The four keys to accepting personal responsibility for your finances.


It’s my fault, and no one else’s. All of it. 


I own the good, the bad, and the ugly. The choices, the thinking, the money. My past, present and future. I own all of it. 


And so should you. 


Accepting personal responsibility for your finances is the only way to reach your full potential. Taking responsibility for yourself requires discipline. Living a disciplined life will is hard at first, but leads to greater freedom. Greater freedom leads to a happier and more contented life. Therefore, the more personal responsibility you accept, the more content you’ll be. 


What is personal responsibility? It’s ownership of what you have control over. The Stoics talk about how little control we have over what happens to us, but full control over how we respond. Therefore, the more we can control our controllables, the more personal responsibility we accept. 

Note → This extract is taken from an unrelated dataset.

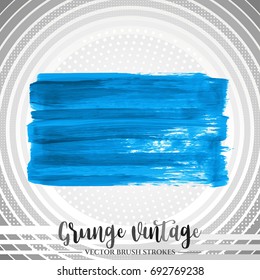 Blue brush stroke and texture. Grunge vector abstract hand - painted element. Underline and border design.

My goal is to help you accept personal responsibility for your finances, though the four keys I’m going to talk about are universal to unlocking responsibility in all areas of your life. For over 20 years, I’ve been helping people own their financial lives. I’m honored to be named to Investopedia’s list of the top 100 financial advisors many years running. 


Here’s what we’ll cover:


  • Accepting personal responsibility for your values, goals, and priorities

  • Accepting personal responsibility for your thinking, feeling, and behavior

  • Accepting personal responsibility for your potential

  • Accepting personal responsibility for your future


Let’s get started.


Accepting personal responsibility for your values, goals, and priorities


We were all raised with certain values. Many of us grew up in a religious tradition which informed our values, others learned theirs from other communities. Many of us continue on through life never questioning or considering the values that were instilled during their formative years. Have you ever thought about and written your values? 


I’m not passing judgment on your current system of values, I do not know what they are. What’s important is that you pass judgment on yours, and get clear on what they are. The only way to accept personal responsibility for your values is to own them. If you’d like to dig deeper into yours, you can access our Values course for free.  


I believe most of us intellectually understand the importance of having goals. And I also know too few of us have actually thought about and written them. To own your future, you need to own your goals. One of our superpowers is the ability to create the future we desire. Goal setting is the process through which we do that. I invite you to take our Goals course, it’s also free. 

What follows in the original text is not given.